--- SUPPLIED INFORMATION ---

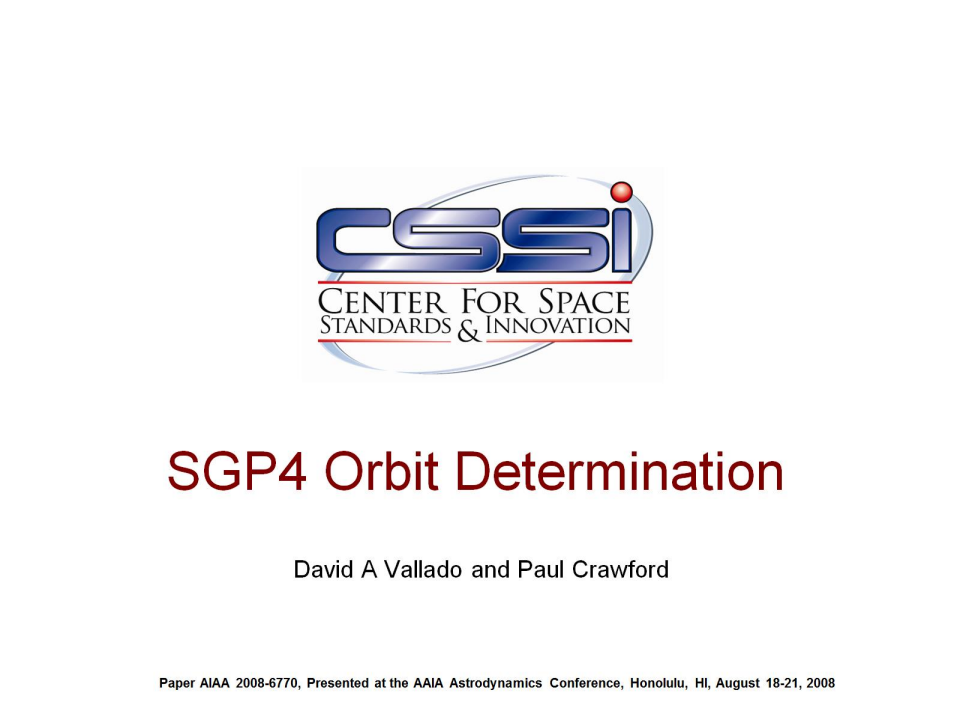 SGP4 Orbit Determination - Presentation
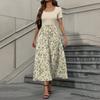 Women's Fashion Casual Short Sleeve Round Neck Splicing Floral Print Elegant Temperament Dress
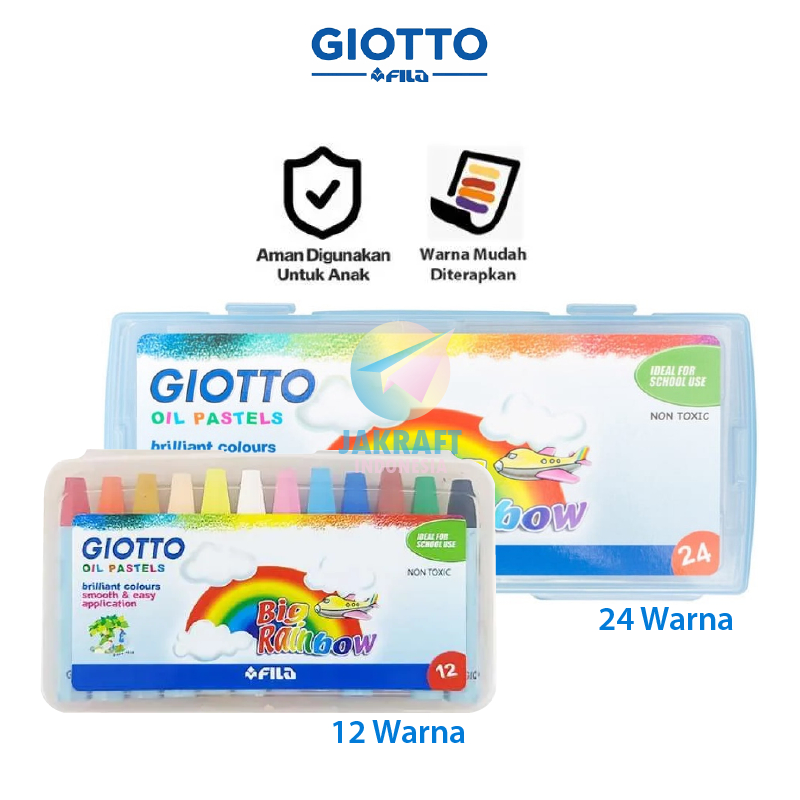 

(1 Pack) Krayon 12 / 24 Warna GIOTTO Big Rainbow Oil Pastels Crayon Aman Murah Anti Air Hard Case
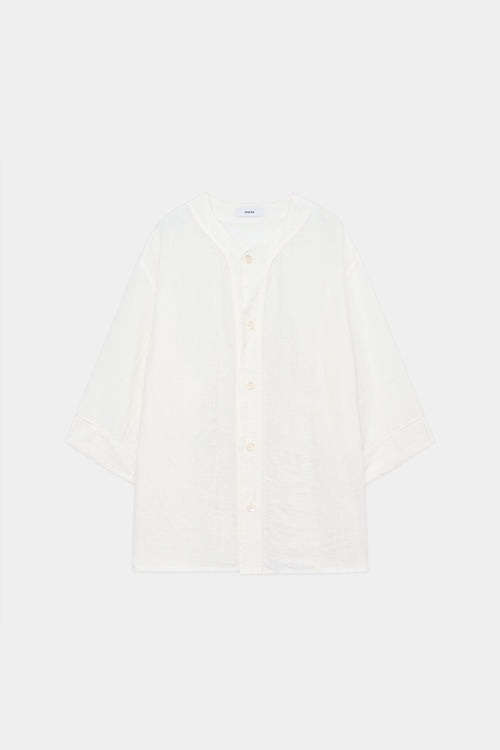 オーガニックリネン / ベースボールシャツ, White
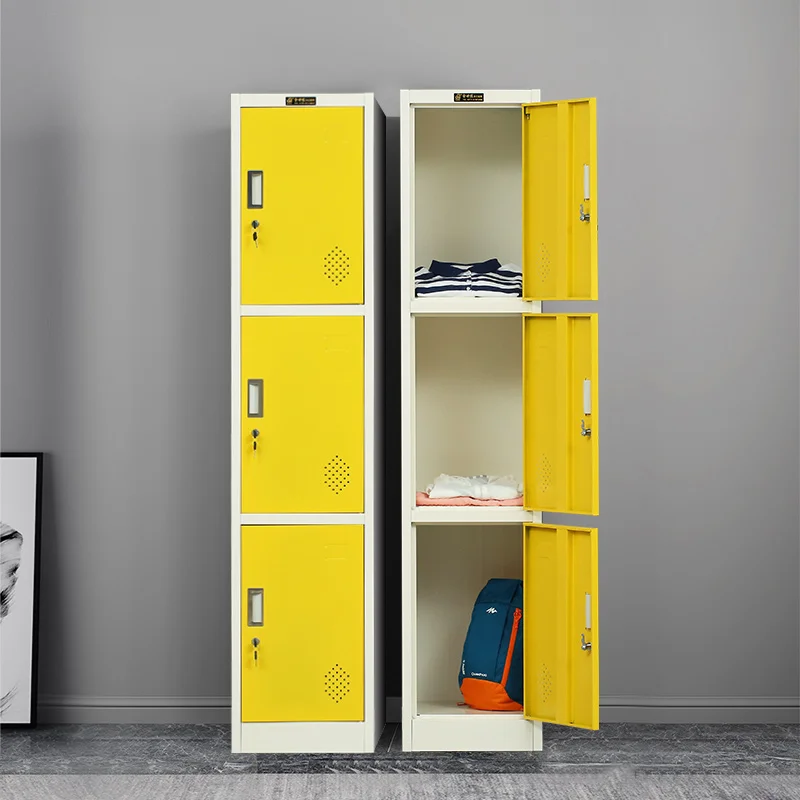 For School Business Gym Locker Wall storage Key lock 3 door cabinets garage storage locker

---

DIRECTIONS ▸ Reproduce the material above verbatim; omit every picture.

TASK RESPONSE ▸
 SGP4 Orbit Determination - Presentation
 Women's Fashion Casual Short Sleeve Round Neck Splicing Floral Print Elegant Temperament Dress

(1 Pack) Krayon 12 / 24 Warna GIOTTO Big Rainbow Oil Pastels Crayon Aman Murah Anti Air Hard Case
 オーガニックリネン / ベースボールシャツ, White
 For School Business Gym Locker Wall storage Key lock 3 door cabinets garage storage locker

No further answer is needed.